--- Your task ---
A verbatim reproduction of the lines below, from the line containing "Black Point Toe" through the line containing "2018 Jeep Cherokee Image 7", both ends included, is the whole required output.

※

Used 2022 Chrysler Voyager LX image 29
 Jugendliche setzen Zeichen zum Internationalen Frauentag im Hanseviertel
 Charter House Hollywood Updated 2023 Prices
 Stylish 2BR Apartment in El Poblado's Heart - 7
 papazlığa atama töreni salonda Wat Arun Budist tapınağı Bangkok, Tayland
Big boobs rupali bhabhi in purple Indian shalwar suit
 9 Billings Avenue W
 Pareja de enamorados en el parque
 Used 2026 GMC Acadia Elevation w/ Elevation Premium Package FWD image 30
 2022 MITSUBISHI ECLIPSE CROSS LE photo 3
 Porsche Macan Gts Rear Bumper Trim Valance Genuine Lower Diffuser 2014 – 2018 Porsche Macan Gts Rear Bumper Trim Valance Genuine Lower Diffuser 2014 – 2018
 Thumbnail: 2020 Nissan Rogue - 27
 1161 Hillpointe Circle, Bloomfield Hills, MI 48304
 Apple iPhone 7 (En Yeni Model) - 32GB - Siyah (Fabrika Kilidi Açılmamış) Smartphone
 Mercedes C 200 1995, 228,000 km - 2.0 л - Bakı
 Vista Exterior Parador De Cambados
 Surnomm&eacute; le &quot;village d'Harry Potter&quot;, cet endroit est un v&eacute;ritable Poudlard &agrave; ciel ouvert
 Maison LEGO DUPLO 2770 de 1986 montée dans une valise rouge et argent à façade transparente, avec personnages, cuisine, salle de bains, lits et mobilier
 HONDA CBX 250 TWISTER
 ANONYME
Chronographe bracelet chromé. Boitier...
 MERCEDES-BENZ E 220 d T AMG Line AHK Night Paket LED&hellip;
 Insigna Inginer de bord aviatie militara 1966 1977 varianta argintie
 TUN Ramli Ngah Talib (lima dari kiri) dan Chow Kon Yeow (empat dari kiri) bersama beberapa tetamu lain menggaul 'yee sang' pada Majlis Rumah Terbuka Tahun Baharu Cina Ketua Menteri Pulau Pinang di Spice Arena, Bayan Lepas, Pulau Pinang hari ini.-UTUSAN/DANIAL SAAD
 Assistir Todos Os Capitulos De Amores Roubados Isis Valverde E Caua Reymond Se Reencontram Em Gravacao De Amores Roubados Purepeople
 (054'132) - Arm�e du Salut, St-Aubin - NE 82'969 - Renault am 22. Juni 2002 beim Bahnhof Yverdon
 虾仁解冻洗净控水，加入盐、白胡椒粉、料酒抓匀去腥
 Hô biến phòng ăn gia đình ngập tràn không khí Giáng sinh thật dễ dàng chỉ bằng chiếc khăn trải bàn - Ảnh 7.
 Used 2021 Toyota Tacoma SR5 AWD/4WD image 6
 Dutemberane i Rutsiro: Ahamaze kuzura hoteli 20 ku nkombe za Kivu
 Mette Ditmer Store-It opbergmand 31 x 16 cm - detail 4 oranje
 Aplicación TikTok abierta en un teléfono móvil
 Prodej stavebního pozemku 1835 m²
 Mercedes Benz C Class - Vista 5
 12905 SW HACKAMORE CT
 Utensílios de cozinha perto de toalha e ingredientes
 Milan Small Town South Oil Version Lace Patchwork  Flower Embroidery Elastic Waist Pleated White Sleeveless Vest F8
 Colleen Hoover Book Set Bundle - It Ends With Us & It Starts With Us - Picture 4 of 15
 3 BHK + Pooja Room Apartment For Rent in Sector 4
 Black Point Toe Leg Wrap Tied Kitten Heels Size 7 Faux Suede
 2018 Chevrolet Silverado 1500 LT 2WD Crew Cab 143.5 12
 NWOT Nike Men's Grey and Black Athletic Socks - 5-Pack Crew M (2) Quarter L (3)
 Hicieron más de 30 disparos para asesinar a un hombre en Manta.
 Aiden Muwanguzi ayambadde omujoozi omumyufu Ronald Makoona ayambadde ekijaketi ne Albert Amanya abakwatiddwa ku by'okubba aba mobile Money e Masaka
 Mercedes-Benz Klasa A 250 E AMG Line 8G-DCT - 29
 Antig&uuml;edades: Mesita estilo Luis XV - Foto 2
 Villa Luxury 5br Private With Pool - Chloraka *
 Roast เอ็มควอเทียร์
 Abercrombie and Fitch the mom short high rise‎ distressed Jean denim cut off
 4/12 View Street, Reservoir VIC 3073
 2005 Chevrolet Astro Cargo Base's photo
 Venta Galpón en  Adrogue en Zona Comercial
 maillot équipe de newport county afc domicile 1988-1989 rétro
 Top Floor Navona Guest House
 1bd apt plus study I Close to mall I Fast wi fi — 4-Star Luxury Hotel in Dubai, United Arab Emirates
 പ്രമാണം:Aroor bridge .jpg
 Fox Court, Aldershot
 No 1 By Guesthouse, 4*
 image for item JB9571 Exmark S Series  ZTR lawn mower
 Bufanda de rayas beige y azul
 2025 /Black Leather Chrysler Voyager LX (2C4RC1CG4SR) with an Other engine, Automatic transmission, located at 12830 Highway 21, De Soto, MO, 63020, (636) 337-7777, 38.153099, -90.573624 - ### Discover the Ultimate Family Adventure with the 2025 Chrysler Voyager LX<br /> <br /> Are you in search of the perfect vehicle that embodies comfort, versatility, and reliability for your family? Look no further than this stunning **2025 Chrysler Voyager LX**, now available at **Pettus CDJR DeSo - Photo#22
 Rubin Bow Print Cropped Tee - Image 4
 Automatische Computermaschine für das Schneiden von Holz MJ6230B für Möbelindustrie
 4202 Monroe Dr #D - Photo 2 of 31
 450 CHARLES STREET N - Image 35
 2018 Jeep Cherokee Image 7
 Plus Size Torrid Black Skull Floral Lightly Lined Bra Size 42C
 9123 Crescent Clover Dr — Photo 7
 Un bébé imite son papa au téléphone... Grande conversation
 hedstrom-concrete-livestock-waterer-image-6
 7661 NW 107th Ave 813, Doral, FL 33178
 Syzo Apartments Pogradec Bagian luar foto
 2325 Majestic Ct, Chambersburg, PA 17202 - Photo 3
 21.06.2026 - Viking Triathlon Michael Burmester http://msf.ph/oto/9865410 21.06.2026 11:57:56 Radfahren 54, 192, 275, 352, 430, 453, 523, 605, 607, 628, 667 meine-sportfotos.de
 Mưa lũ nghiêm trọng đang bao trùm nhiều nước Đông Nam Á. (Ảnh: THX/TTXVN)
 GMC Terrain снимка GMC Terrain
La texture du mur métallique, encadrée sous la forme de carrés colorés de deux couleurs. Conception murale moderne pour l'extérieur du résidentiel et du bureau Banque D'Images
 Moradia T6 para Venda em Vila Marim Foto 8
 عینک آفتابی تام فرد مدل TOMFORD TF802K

※

--- Solution to the exercise ---
 Black Point Toe Leg Wrap Tied Kitten Heels Size 7 Faux Suede
 2018 Chevrolet Silverado 1500 LT 2WD Crew Cab 143.5 12
 NWOT Nike Men's Grey and Black Athletic Socks - 5-Pack Crew M (2) Quarter L (3)
 Hicieron más de 30 disparos para asesinar a un hombre en Manta.
 Aiden Muwanguzi ayambadde omujoozi omumyufu Ronald Makoona ayambadde ekijaketi ne Albert Amanya abakwatiddwa ku by'okubba aba mobile Money e Masaka
 Mercedes-Benz Klasa A 250 E AMG Line 8G-DCT - 29
 Antig&uuml;edades: Mesita estilo Luis XV - Foto 2
 Villa Luxury 5br Private With Pool - Chloraka *
 Roast เอ็มควอเทียร์
 Abercrombie and Fitch the mom short high rise‎ distressed Jean denim cut off
 4/12 View Street, Reservoir VIC 3073
 2005 Chevrolet Astro Cargo Base's photo
 Venta Galpón en  Adrogue en Zona Comercial
 maillot équipe de newport county afc domicile 1988-1989 rétro
 Top Floor Navona Guest House
 1bd apt plus study I Close to mall I Fast wi fi — 4-Star Luxury Hotel in Dubai, United Arab Emirates
 പ്രമാണം:Aroor bridge .jpg
 Fox Court, Aldershot
 No 1 By Guesthouse, 4*
 image for item JB9571 Exmark S Series  ZTR lawn mower
 Bufanda de rayas beige y azul
 2025 /Black Leather Chrysler Voyager LX (2C4RC1CG4SR) with an Other engine, Automatic transmission, located at 12830 Highway 21, De Soto, MO, 63020, (636) 337-7777, 38.153099, -90.573624 - ### Discover the Ultimate Family Adventure with the 2025 Chrysler Voyager LX<br /> <br /> Are you in search of the perfect vehicle that embodies comfort, versatility, and reliability for your family? Look no further than this stunning **2025 Chrysler Voyager LX**, now available at **Pettus CDJR DeSo - Photo#22
 Rubin Bow Print Cropped Tee - Image 4
 Automatische Computermaschine für das Schneiden von Holz MJ6230B für Möbelindustrie
 4202 Monroe Dr #D - Photo 2 of 31
 450 CHARLES STREET N - Image 35
 2018 Jeep Cherokee Image 7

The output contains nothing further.